→ Directions: Output the data below line for line, exactly, up to and including the line where "Frasco del perfume" appears.

→ Entries shown:
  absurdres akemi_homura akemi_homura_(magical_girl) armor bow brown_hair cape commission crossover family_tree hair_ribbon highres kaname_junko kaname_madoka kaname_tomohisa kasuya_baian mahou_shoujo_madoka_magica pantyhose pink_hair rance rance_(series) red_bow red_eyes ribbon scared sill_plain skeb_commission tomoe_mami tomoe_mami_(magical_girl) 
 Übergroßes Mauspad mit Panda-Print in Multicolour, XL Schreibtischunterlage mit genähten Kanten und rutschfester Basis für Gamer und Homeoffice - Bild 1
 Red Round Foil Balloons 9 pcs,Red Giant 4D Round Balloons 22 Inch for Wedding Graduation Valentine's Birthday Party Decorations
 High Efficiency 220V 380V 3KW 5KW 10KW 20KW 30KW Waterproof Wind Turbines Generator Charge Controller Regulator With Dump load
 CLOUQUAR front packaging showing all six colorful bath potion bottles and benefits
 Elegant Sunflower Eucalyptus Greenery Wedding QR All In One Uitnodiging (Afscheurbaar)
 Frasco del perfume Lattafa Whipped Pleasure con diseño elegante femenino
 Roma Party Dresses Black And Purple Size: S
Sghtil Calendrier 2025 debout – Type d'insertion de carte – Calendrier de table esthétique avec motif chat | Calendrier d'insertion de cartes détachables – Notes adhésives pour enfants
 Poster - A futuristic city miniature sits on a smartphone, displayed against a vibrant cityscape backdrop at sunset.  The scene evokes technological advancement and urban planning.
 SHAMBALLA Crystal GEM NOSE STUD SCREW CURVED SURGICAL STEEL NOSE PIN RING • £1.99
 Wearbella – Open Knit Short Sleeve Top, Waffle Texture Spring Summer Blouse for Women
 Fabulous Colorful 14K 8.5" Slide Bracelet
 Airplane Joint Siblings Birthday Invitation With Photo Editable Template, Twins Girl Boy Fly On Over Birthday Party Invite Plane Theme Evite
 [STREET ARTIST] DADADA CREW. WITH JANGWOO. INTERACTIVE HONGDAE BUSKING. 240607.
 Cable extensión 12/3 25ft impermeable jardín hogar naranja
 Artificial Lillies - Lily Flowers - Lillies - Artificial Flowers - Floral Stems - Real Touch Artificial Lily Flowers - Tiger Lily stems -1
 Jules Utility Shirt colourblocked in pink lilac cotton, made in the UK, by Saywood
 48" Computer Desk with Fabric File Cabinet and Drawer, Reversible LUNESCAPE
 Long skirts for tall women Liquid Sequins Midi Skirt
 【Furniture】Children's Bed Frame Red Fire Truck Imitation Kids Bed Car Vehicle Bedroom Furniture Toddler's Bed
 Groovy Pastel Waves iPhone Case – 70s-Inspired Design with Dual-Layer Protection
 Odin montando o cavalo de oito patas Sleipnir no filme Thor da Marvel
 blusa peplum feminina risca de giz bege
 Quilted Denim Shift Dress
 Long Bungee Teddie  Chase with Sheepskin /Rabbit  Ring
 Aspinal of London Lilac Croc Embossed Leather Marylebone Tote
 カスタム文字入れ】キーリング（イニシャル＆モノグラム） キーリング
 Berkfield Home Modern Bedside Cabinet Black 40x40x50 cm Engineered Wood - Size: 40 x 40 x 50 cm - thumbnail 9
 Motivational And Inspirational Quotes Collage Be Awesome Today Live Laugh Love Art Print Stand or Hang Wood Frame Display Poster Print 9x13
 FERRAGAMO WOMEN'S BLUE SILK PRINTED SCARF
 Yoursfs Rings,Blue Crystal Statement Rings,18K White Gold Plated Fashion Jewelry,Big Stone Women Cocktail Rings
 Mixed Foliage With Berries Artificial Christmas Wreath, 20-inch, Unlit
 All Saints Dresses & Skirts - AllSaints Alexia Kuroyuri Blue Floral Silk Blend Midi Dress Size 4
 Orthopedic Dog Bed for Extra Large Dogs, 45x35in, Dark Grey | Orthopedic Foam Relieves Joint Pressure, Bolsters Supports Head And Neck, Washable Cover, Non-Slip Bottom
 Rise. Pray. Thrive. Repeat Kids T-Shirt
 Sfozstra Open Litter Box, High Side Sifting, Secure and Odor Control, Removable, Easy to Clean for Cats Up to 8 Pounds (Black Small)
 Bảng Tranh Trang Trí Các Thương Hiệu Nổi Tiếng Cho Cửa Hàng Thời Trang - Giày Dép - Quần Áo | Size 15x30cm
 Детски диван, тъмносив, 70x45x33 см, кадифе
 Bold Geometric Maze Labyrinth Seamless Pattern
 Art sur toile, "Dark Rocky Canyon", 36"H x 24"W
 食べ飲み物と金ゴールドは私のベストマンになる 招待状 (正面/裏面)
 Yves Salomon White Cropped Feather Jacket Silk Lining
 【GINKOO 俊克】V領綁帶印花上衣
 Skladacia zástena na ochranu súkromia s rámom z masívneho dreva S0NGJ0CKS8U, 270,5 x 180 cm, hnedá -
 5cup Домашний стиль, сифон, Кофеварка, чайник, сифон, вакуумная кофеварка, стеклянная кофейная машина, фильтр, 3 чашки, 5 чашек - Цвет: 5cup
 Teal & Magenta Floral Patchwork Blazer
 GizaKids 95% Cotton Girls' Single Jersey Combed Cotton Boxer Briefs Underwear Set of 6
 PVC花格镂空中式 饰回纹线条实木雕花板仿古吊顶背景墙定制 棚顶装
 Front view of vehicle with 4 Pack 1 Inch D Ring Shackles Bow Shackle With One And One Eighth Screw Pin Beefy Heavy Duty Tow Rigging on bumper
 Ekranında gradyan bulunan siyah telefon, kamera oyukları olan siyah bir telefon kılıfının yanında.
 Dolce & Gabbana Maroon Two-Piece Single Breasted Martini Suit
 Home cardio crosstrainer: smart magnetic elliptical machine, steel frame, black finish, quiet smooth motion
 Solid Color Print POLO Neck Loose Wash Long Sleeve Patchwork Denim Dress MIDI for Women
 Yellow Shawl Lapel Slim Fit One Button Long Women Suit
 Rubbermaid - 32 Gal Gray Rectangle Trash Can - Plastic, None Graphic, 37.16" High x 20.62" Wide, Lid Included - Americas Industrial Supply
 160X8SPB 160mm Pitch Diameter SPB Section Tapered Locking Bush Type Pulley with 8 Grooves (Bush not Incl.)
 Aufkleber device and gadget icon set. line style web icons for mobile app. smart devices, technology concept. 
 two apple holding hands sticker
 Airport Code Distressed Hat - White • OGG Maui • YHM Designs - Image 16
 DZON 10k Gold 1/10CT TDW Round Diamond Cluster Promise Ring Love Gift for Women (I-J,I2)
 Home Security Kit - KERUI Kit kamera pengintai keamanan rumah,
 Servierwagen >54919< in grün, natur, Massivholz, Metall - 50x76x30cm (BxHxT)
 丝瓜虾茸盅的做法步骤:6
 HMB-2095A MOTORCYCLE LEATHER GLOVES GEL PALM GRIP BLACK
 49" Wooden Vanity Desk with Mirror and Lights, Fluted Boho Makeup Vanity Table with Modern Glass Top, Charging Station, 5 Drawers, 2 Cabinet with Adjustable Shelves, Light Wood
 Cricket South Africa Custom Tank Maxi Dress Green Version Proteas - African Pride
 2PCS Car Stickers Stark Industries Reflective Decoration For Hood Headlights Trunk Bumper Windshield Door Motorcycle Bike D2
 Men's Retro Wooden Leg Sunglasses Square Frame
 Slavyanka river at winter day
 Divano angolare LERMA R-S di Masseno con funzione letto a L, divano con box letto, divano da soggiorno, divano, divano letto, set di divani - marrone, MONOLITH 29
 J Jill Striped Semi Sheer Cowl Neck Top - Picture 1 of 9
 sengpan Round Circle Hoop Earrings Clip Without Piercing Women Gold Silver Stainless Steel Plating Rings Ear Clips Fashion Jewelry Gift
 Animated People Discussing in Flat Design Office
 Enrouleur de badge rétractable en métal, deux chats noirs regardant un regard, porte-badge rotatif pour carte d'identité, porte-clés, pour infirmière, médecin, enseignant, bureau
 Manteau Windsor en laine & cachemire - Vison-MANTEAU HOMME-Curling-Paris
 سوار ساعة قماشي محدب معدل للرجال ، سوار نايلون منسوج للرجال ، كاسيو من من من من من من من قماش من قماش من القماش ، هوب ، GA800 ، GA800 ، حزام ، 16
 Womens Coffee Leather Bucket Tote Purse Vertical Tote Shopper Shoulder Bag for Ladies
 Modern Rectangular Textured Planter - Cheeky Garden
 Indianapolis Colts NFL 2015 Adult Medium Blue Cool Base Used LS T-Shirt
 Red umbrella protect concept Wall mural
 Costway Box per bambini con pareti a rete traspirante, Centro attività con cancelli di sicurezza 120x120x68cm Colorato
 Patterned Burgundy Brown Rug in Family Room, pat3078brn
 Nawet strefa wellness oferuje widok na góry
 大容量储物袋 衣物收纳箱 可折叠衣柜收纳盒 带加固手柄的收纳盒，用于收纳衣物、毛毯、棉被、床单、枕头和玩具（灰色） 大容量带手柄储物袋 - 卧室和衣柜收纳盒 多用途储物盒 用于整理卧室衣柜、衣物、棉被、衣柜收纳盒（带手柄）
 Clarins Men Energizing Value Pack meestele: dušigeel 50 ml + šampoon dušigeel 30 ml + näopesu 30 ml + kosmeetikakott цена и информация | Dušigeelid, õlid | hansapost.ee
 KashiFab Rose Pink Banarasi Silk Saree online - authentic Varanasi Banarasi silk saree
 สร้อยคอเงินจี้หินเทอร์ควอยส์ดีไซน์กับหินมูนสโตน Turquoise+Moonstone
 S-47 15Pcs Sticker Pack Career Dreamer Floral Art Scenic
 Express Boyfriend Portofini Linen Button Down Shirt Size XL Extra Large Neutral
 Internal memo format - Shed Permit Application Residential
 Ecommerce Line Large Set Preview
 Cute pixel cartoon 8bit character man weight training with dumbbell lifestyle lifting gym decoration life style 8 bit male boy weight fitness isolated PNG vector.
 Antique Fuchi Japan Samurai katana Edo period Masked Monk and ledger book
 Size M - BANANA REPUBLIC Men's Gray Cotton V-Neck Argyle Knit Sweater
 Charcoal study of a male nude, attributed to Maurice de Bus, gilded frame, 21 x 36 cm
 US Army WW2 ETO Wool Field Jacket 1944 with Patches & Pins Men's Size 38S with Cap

→ Answer space:
  absurdres akemi_homura akemi_homura_(magical_girl) armor bow brown_hair cape commission crossover family_tree hair_ribbon highres kaname_junko kaname_madoka kaname_tomohisa kasuya_baian mahou_shoujo_madoka_magica pantyhose pink_hair rance rance_(series) red_bow red_eyes ribbon scared sill_plain skeb_commission tomoe_mami tomoe_mami_(magical_girl) 
 Übergroßes Mauspad mit Panda-Print in Multicolour, XL Schreibtischunterlage mit genähten Kanten und rutschfester Basis für Gamer und Homeoffice - Bild 1
 Red Round Foil Balloons 9 pcs,Red Giant 4D Round Balloons 22 Inch for Wedding Graduation Valentine's Birthday Party Decorations
 High Efficiency 220V 380V 3KW 5KW 10KW 20KW 30KW Waterproof Wind Turbines Generator Charge Controller Regulator With Dump load
 CLOUQUAR front packaging showing all six colorful bath potion bottles and benefits
 Elegant Sunflower Eucalyptus Greenery Wedding QR All In One Uitnodiging (Afscheurbaar)
 Frasco del perfume Lattafa Whipped Pleasure con diseño elegante femenino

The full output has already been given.